Le roman et la nouvelle n’échappent pas à l’exotisme américain, qui va bien au-delà des « Sauvages » de Manon Lescaut et du Huron accidentel de L’Ingénu. Certes limitée, la production romanesque s’accompagne de quelques nouvelles. Connu pour Gil Blas, Lesage puise dans ses quatre pièces d’inspiration canadienne et de probables mémoires pour écrire Les Aventures de Monsieur Robert Chevalier (1732), dont l’essentiel se déroule sur le continent américain, dont en Nouvelle-France. Enlevé très jeune par les Iroquois, qui l’adoptent selon leur coutume, le protagoniste se considère comme l’un des leurs. Aussitôt rendu à sa famille de Montréal, il part en campagne avec des Algonquins, qui pleurent bien vite sa conversion à la flibuste. Dans un récit parallèle, Mademoiselle Du Clos profite quant à elle de son exil forcé au Canada pour créer une société idéale avec les Hurons.
Dans les genres brefs, sauf peut-être dans « La nouvelle américaine » (1724) de Madame de Gomez, où les rôles font écho aux relations de voyage, les Autochtones deviennent des accessoires philosophiques. D’une part, Bricaire de La Dixmerie propose « Le Huron réformateur », où un ancien esclave autochtone échoue dans son projet d’imposer la raison pure dans les Indes Orientales, et « Azakia, anecdotes huronnes », qui romance l’ensauvagement du baron de Saint-Castin et son mariage avec une Amérindienne. D’autre part, dans un registre larmoyant qui préfigure la nostalgie de Chateaubriand, le marquis de Saint-Lambert fait du vieillard de « L’Abénaki » un exemple de bonté naturelle trahie par l’officier anglais qu’il avait adopté comme son fils, avant de tirer du triangle amoureux des Deux amis, conte iroquois une déchirante réflexion sur la fidélité.

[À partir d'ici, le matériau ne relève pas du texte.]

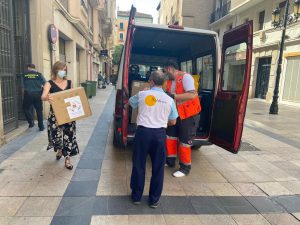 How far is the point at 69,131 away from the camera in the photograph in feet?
13.5

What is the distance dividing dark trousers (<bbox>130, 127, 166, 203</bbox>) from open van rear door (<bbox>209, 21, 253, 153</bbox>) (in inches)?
61.2

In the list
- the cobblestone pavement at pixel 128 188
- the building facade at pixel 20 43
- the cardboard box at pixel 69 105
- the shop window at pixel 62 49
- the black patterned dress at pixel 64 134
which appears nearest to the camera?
the cobblestone pavement at pixel 128 188

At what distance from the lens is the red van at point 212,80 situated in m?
3.95

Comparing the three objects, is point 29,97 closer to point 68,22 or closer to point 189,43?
point 189,43

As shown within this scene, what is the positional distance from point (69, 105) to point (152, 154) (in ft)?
5.26

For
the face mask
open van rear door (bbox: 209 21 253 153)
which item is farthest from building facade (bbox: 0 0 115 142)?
open van rear door (bbox: 209 21 253 153)

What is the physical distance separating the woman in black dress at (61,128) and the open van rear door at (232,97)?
2.45 metres

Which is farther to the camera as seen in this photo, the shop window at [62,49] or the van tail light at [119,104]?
the shop window at [62,49]

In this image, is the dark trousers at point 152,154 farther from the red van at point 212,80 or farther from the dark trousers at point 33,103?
the dark trousers at point 33,103

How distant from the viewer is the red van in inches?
156

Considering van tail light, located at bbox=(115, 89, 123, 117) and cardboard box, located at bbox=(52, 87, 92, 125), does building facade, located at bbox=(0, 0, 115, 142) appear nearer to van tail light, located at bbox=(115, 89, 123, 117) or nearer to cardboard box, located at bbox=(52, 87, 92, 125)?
cardboard box, located at bbox=(52, 87, 92, 125)

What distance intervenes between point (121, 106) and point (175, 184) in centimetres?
155

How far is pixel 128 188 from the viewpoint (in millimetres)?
3617

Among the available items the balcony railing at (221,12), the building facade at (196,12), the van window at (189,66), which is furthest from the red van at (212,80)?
the building facade at (196,12)
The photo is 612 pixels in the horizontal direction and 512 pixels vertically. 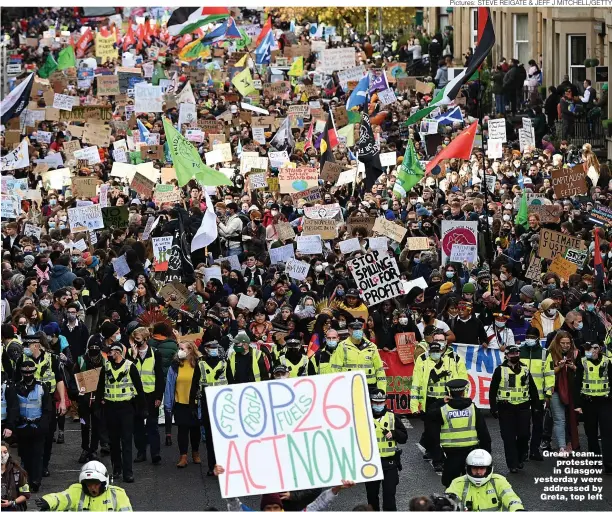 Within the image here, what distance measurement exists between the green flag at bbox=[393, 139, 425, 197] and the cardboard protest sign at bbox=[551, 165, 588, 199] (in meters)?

En deux siècles et demi, les personnages amérindiens se sont adaptés aux modes littéraires. D’abord réduits à de simples mentions, ils connaissent la gloire sous les traits du bon Sauvage, avant de subir les affres du colonialisme conquérant, voire de mourir comme Atala, loin des siens et complètement dénaturée. Sans cet imaginaire discursif de longue durée, ni Voltaire, ni Chateaubriand n’auraient choisi des Autochtones pour défendre leurs idées.